Por  Madeleine Satié Rodríguez

Hay una pregunta crucial que debe hacerse toda persona que le está permitido, mientras trabaja, poner música que escuchan otros. La consulta al interior de sí mismo sería ¿qué música pongo? Ideal fuera que no hubiera necesidad de hacerlo, dado que no existieran temas pululantes de inaceptables groserías, ni que fuera tan común el consumo de ellos, como si no significara un absoluto irrespeto y una agresión a quienes sin aceptarlo se les imponen.

Pero los temas existen, y abundan sus seguidores. La palabra soez, repetida hasta el cansancio, incide en la estima propia y genera en el pensamiento penosas realidades. Y aunque muchos de los que las admiten parecieran ignorarlo no hay al respecto ni ingenuidad ni desconocimiento. Todos sabemos lo que resulta obsceno; todos sabemos lo que se siente insultante.

Lo perciben incluso los que no se escandalizan con una canción que explicita a viva voz experiencias sexuales; o designa, en el más bajo registro lingüístico, las partes íntimas del cuerpo y lo que se hace con ellas; o exhorta al desenfreno, como si fuera una gracia. Sin embargo, hay quienes parece desconocieran que tales expresiones lanzadas al rostro en temas que no queremos oír, no solo vulneran al ser humano, sino que atropellan la dignidad humana, siempre bienhechora, y creen que defender la decencia es puritanismo.

Si el administrador de la tienda tiene el propósito de animar su establecimiento con música, el gesto habrá de tener como fin que contribuya al buen trato. Si el chofer profesional enciende la reproductora del carro en el que recoge a sus compañeros, tendrá en cuenta que, como mismo no les habla con descompostura, tampoco puede poner aquello que sabe se pasa de escandaloso. La batalla es ardua; el escenario, embarazoso.

Pero batalla al fin, y además tan recta, hay que seguir librándola.

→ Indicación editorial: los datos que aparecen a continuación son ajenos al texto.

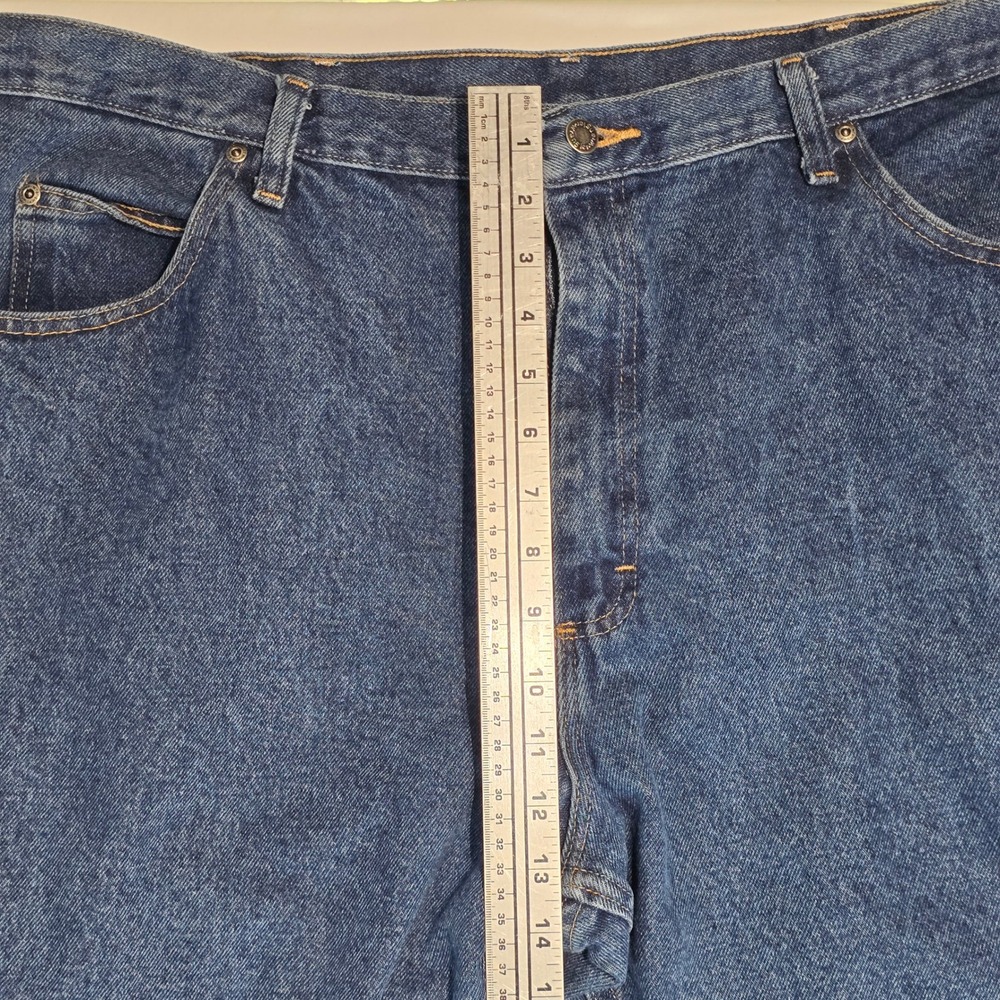 Wrangler Authentics Mens Relaxed Fit Jeans 42x30 Medium Wash Blue Denim 97601DR - Picture 12 of 16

Entre las funciones del chofer del carro, o del administrador del mercado, está también la de propiciar la estancia o el acompañamiento feliz a aquellos a quienes prestan servicios.

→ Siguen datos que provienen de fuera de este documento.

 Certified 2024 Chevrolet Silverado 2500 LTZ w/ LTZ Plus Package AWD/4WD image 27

Que no falte la palabra que educa –incluso a quienes debían ya por adultos estar educados–; la reflexión colectiva; la llamada de atención de quien debe velar por ello. Mucho se ha hablado del asunto, pero más queda por hacer. El espíritu no es un órgano, pero se contamina y puede enfermar si se hace resistente a la rudeza, a la falta de cuidados y a la incultura.